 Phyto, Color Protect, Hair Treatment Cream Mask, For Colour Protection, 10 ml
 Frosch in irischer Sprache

------------------------------

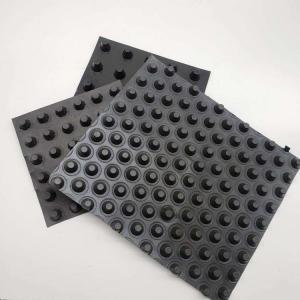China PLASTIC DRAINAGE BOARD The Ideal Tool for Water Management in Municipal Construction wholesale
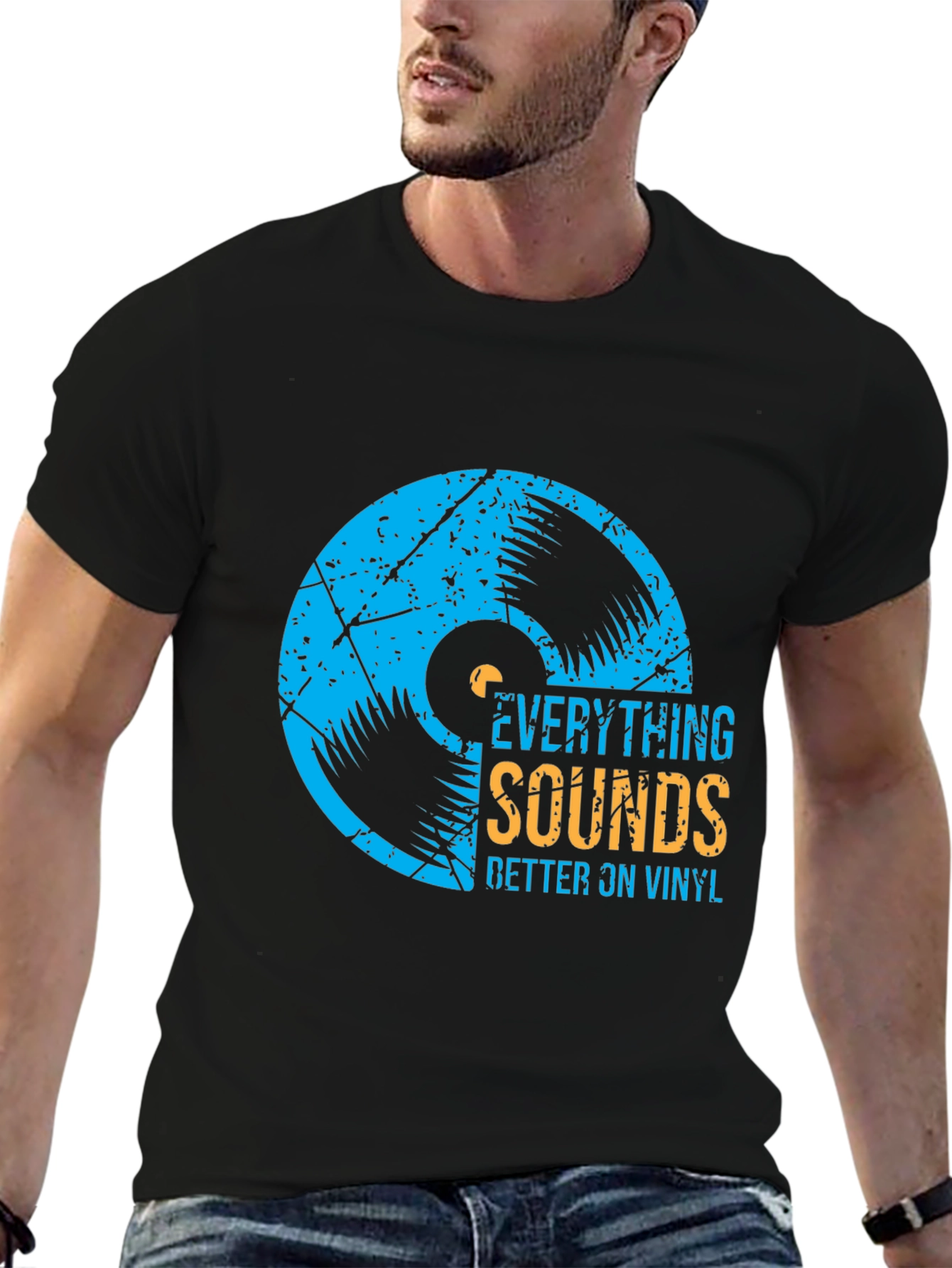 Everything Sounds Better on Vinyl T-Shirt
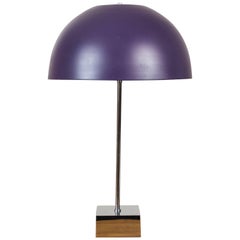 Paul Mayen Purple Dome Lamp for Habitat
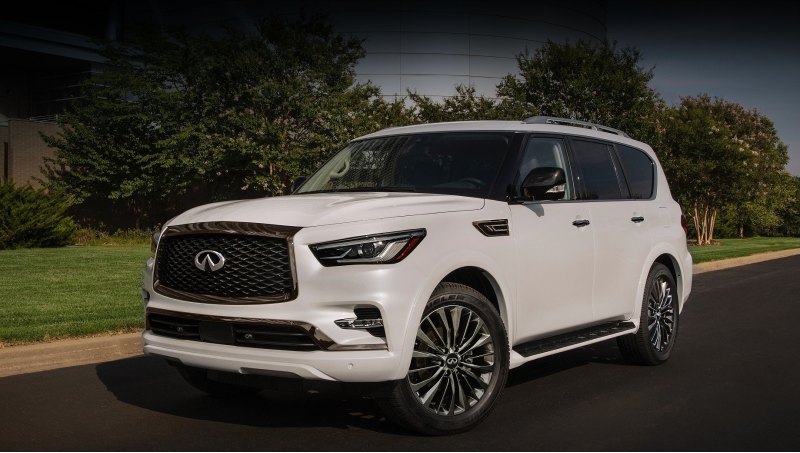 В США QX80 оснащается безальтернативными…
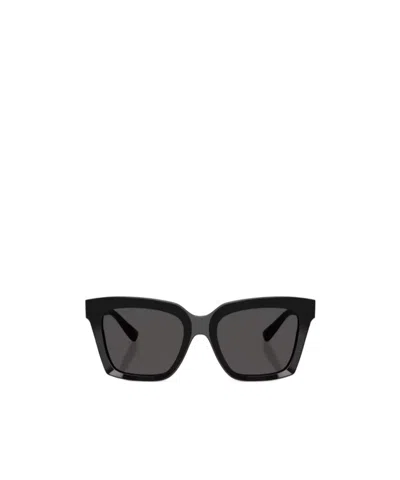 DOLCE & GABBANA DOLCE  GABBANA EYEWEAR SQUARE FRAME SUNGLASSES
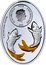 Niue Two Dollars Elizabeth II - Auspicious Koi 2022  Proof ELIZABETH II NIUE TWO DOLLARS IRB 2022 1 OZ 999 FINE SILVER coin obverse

------------------------------

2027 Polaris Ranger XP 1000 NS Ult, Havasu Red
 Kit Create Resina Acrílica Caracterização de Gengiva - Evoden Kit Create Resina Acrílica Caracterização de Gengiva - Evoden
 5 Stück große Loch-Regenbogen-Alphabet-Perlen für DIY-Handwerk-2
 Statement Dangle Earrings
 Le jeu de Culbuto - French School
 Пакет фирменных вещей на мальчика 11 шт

------------------------------

◆ Work item
Here the job is to set down exactly the lines of the material above that fall between the one with "Statement Dangle Earrings" and the one with "Пакет фирменных вещей на мальчика 11 шт", inclusive, and nothing beyond them.

◆ Solution to the exercise
 Statement Dangle Earrings
 Le jeu de Culbuto - French School
 Пакет фирменных вещей на мальчика 11 шт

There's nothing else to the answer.